We investigated complaints by Miss M (Mrs M’s daughter) that it was wrong that Mrs M had been expected to fund her own care in the Care Home – that this should have been provided under section 117 of the Mental Health Act 1983 (which makes provision for patients who have been compulsorily detained under the Act to receive free aftercare).  Miss M complained that the explanation she had been given about her mother’s ineligibility for section 117 funding, by the Trust, was unreasonable; and that the Trust’s assertion that the admission had been for physical needs, rather than for mental health needs, was an attempt to avoid responsibility for funding the placement.  Miss M also complained that her mother’s subsequent discharge from the Community Mental Health Team (CMHT) in 2005 was inappropriate, and that the provision of care and treatment by the Trust from the admission to the Care Home to her mother’s death was inadequate.  She complained too that the transfer of responsibility for her mother’s care to the Council’s Adult Social Care team (ASC team) in 2008 had been inappropriate; and finally that the assessment of her mother’s needs following that transfer did not adequately take into account her mother’s needs or her own views, her mother’s medical history, nor the opinions of medically qualified professionals.

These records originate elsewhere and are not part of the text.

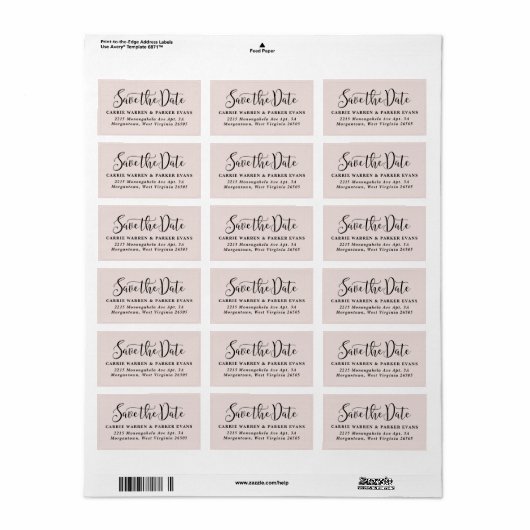 Sla de datum op simpele roze retouradres etiket (Full Sheet)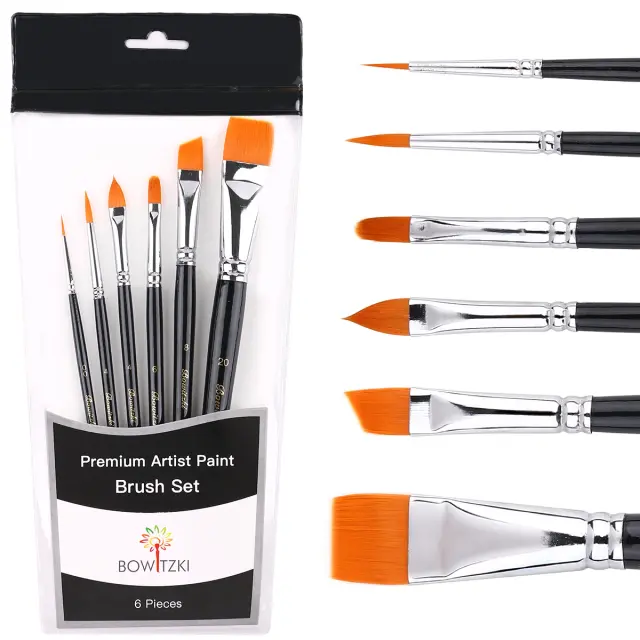 Pincéis Bowitzki Profissionais para Pintura Facial, Aquarela e Arte em Unhas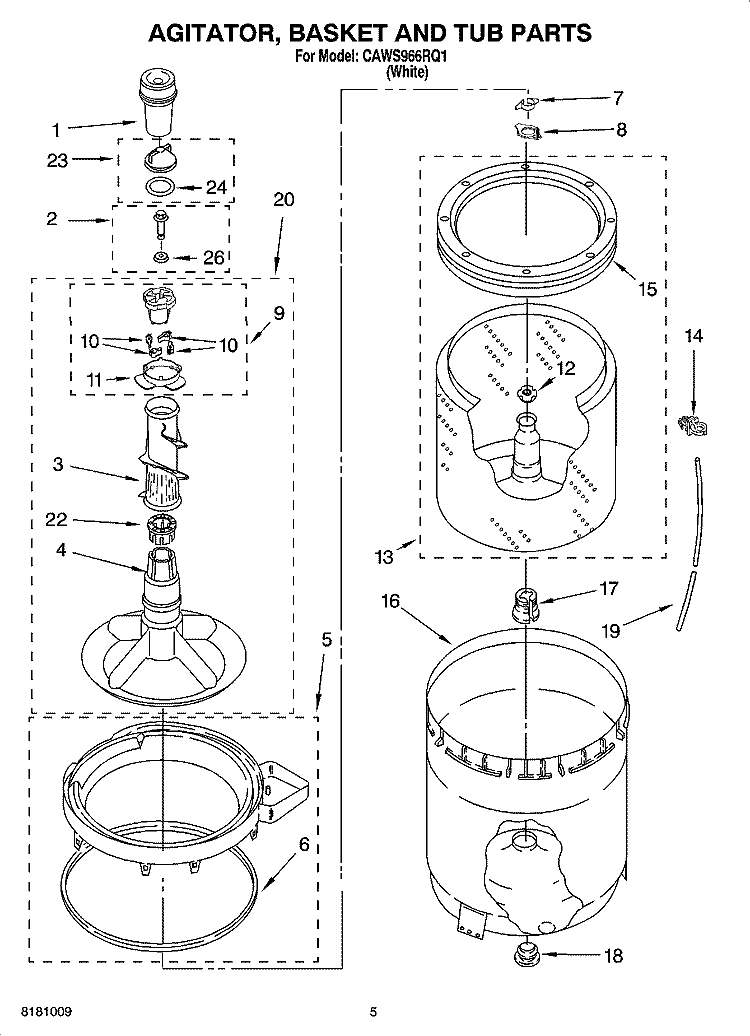 AGITATOR, BASKET AND TUB PARTS Diagram and Parts List for CAWS966RQ1  Crosley Washer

To sum up, Miss M said that her mother’s complex needs were not met, that she was placed in the Care Home and then forgotten, and that she then failed to receive the treatment she needed.

Our findings

We found that the delivery of aftercare services for Mrs M under section 117 of the Mental Health Act, and her discharge from that provision, were not properly considered in accordance with relevant legislation and guidance; and the later explanations given about this by the Trust and by the Council were inadequate and contradictory.  We found too that the procedure followed in discharging Mrs M from the CMHT in 2005 was not in accordance with relevant guidance.  However, we did not consider that these failures were the cause of significant injustice to Mrs M or Miss M.  We did not find that Mrs M failed to receive the medical or social care services that she needed from the Trust or the Council.  There was no fault in the arrangements for the admission to the Care Home, in the care provided by the Trust and the Council after the admission, nor in relation to the transfer of care to the Council’s ASC team and the later assessment of her needs.  Most significantly, we did not find that the period of residential care in the Care Home should definitely have been funded by the Council under the provisions of section 117.

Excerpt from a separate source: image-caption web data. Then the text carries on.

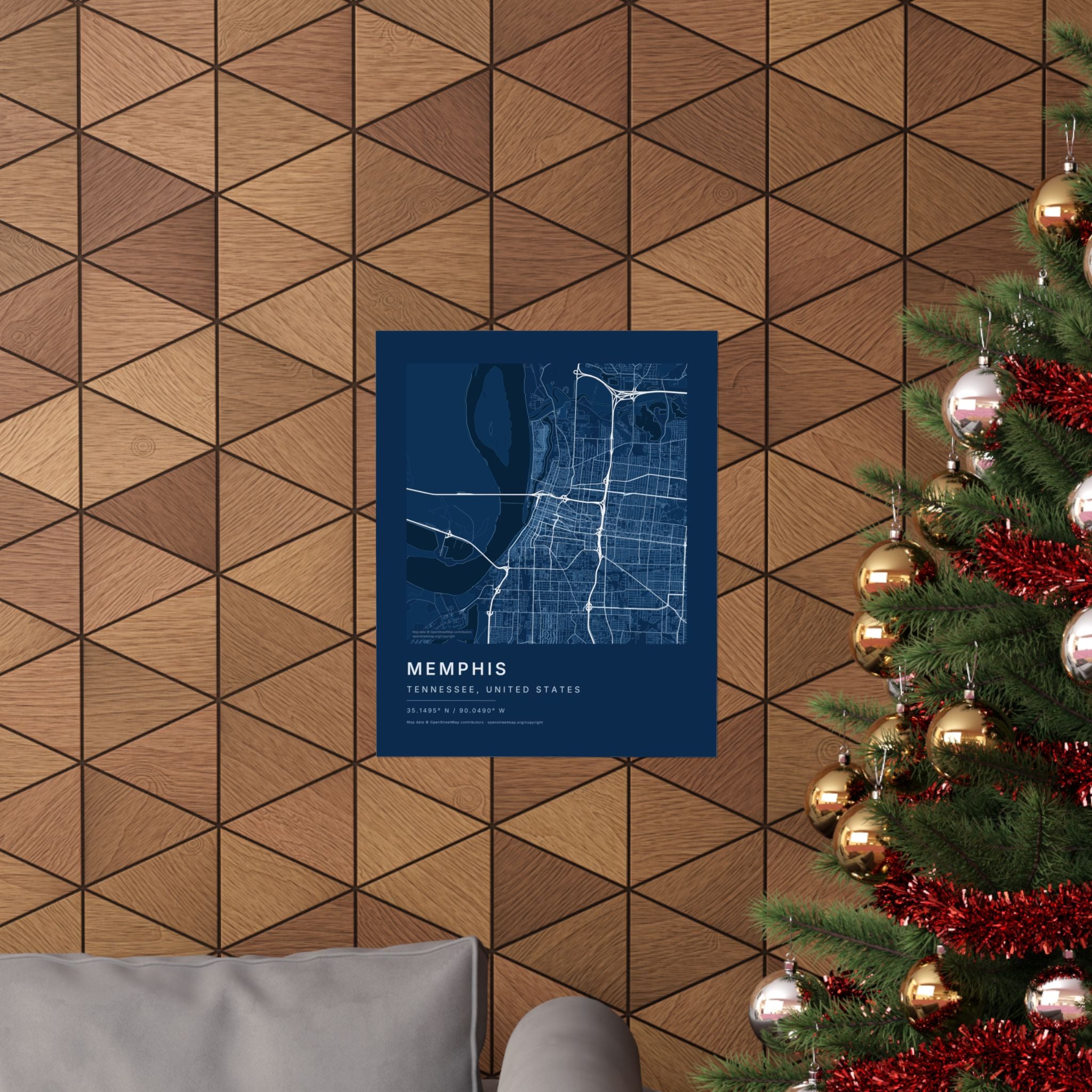 Memphis, Tennessee City Map Print — Blueprint Navy Street Map Wall Art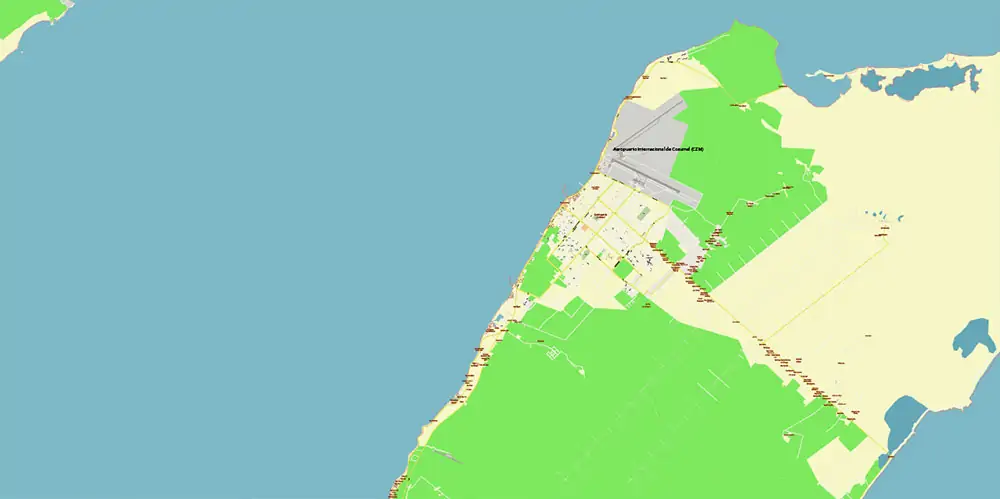 Cancun Mexico PDF Vector Map high detailed All Roads Streets Cities Towns map editable Layered Adobe PDF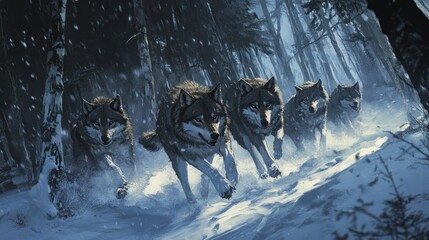 Poster - A Pack of Wolves Running Through a Snowy Forest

We concluded that there was no doubt that Mrs M had severe and enduring mental health problems following her discharge from compulsory detention in hospital in 1989, and we noted that the severity of these acute episodes had resulted in informal admissions to hospital between 1987 and 2003.  However, we also noted that there was considerable evidence, from professional and clinical staff involved with Mrs M, that her physical deterioration and inability to cope at home alone, dating from the end of that period, could not definitely be attributed to the underlying depressive illness that had been so severe in previous years.  It was acknowledged by staff that Mrs M’s physical and mental health problems were interrelated, but there was evidence that her later symptoms could be attributed to a more general deterioration that was possibly linked to symptoms of dementia.

Conclusion

We found evidence of some failures on the part of the Trust and the Council; but in the absence of any consequent injustice that we could identify, we did not uphold any of Miss M’s complaints.